▸ **Information supplied**:
Start of Block

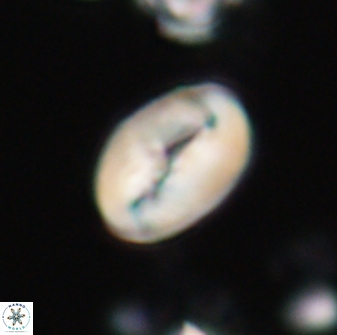 Neocrepidolithus opertus 21489
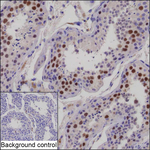 KIFC1 Recombinant Mouse Monoclonal Antibody (K29123_19B2)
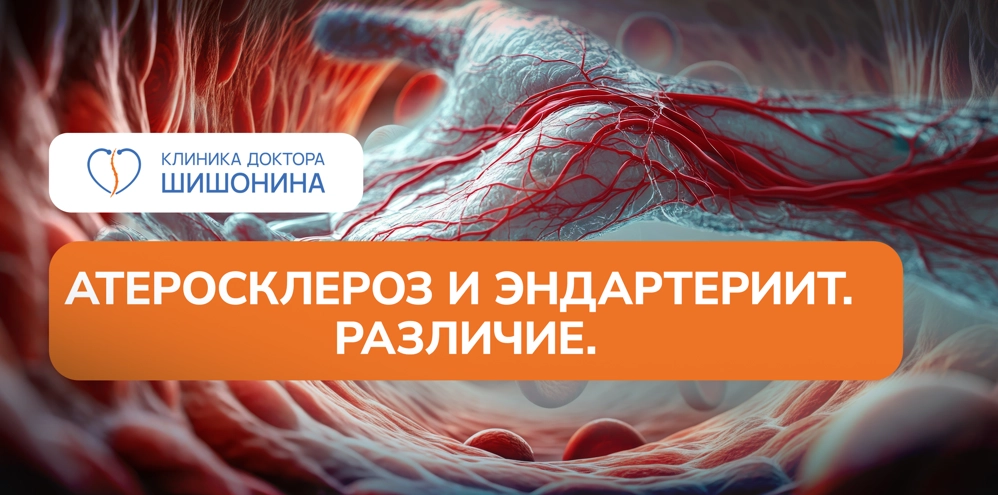 Различия между атеросклерозом и эндартериитом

End of Block

▸ **Work task**: Could you print the data exactly as it appears and keep the pictures out?

▸ **Answer space**:
 Neocrepidolithus opertus 21489
 KIFC1 Recombinant Mouse Monoclonal Antibody (K29123_19B2)
 Различия между атеросклерозом и эндартериитом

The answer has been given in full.